• _WHAT NEEDS TO BE DONE_
In the entries below, begin at the line with "主持人李晨老婆赵琼背景资料 李晨连发三条微博报母子平安" and stop after the line with "左から岩崎う大、岩田玲、太田"; output those lines exactly and omit the pictures.

• _DATA EXCERPTS_
═══
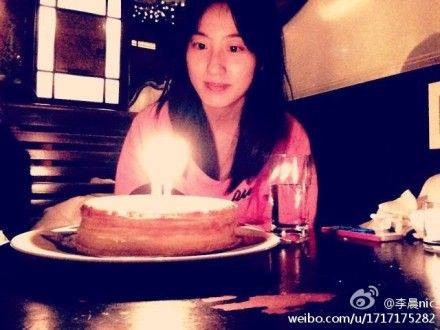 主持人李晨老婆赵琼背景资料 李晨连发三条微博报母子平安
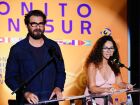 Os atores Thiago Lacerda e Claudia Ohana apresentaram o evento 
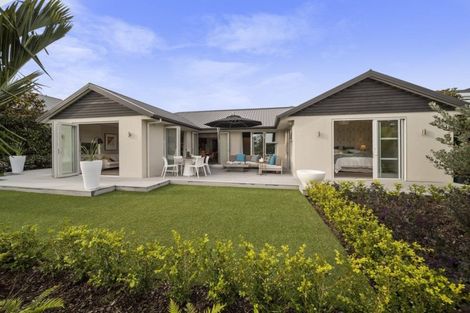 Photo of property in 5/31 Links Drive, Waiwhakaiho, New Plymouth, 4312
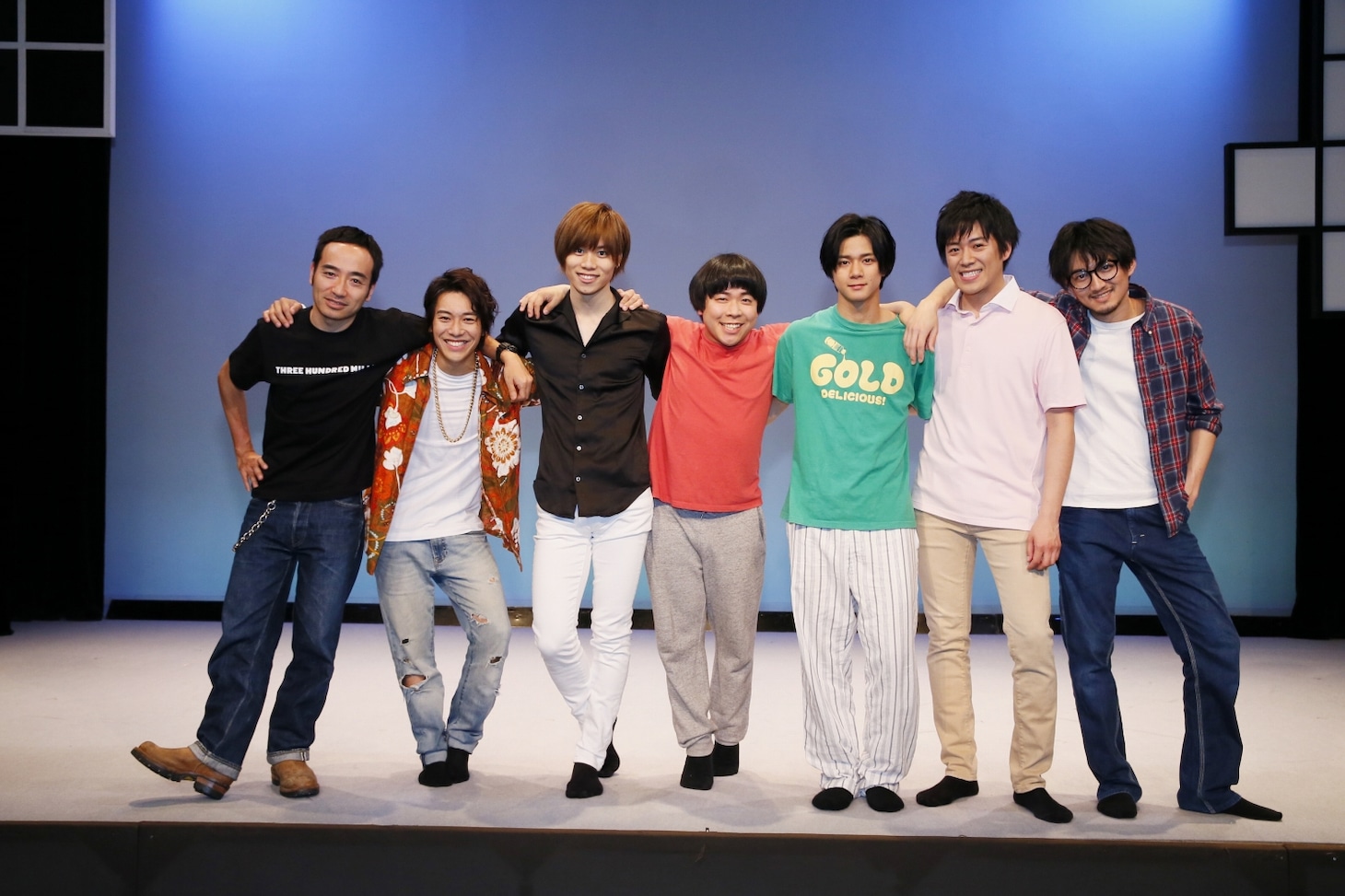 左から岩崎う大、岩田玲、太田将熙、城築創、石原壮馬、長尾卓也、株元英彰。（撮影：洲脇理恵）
═══
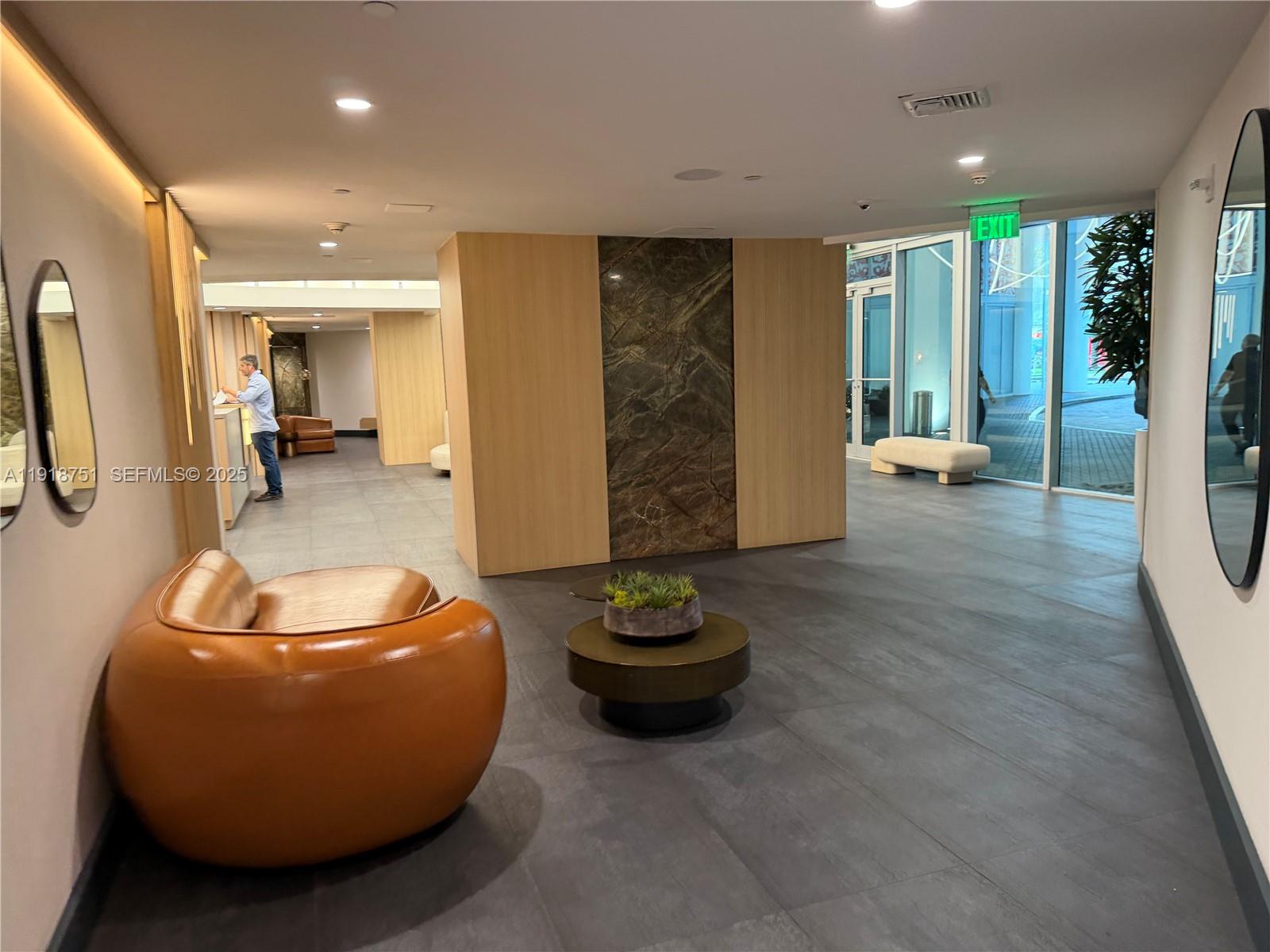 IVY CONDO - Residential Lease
═══
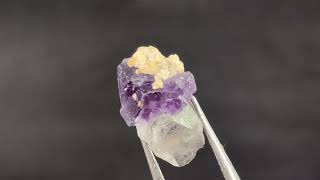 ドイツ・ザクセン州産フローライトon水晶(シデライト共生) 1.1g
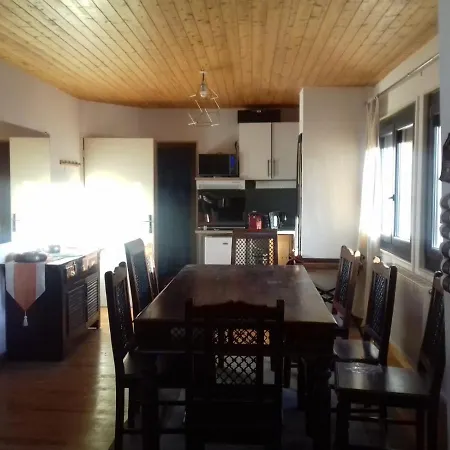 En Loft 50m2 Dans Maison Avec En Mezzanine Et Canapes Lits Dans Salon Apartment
═══
• _ANSWER SPACE_
 主持人李晨老婆赵琼背景资料 李晨连发三条微博报母子平安
 Os atores Thiago Lacerda e Claudia Ohana apresentaram o evento 
 Photo of property in 5/31 Links Drive, Waiwhakaiho, New Plymouth, 4312
 左から岩崎う大、岩田玲、太田将熙、城築創、石原壮馬、長尾卓也、株元英彰。（撮影：洲脇理恵）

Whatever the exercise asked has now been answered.